Noting that drought is one of the major constraints to sustainable rice production in rain-fed farming systems of India, Birthal et al. (2015) examined the frequency, severity and spread of droughts throughout India over the past three and a half decades, while assessing their combined impact on the country's rice production. And what did they thereby learn?

The four Indian researchers report that approximately one-third of the rice-cultivated area of India is affected by mostly-moderate droughts; but they say that the frequency of these droughts has increased in recent years. Nevertheless, they further report that there has been a concomitant decline in losses in rice yield. So what's been happening here?

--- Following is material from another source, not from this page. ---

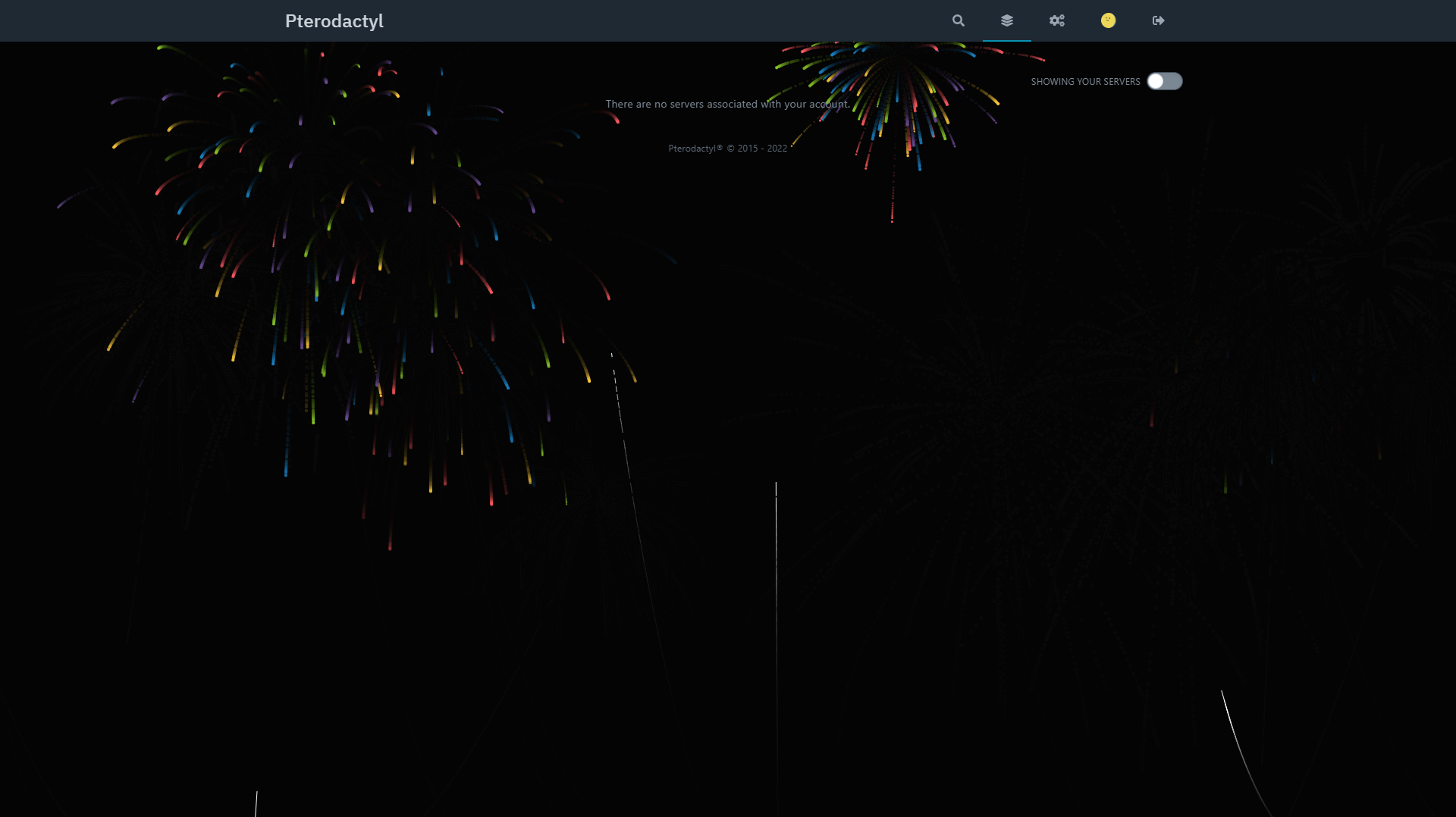 Github corwindev particlejs pterodactyl theme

Birthal et al. write that "the weakening effect of droughts is attributed to improvements in farmers' adaptive capacity due to expansion of irrigation facilities and increased availability of improved varieties for the rain-fed production systems." Clearly, these developments could indeed play major roles in the ongoing increase in Indian rice production. But something else may also be contributing to this welcome trend; and that something is likely to be the historic and still-ongoing increase in the atmosphere's CO2 concentration.

In support of this suggestion, we note that in the plant growth database of our website we have tabulated the mean results of 235 different experimental assessments of the impacts of 300 and 600 ppm increases in the air's CO2 content on rice biomass production, which results reveal mean crop yield increases of 37.5% and 141%, respectively.

And so we have another example of the welcome fact that the ingenuity of man, together with the worldwide plant-growth-increasing consequences of fossil fuel combustion, provide humanity with the ability to adequately feed our growing numbers, as time marches ever forward.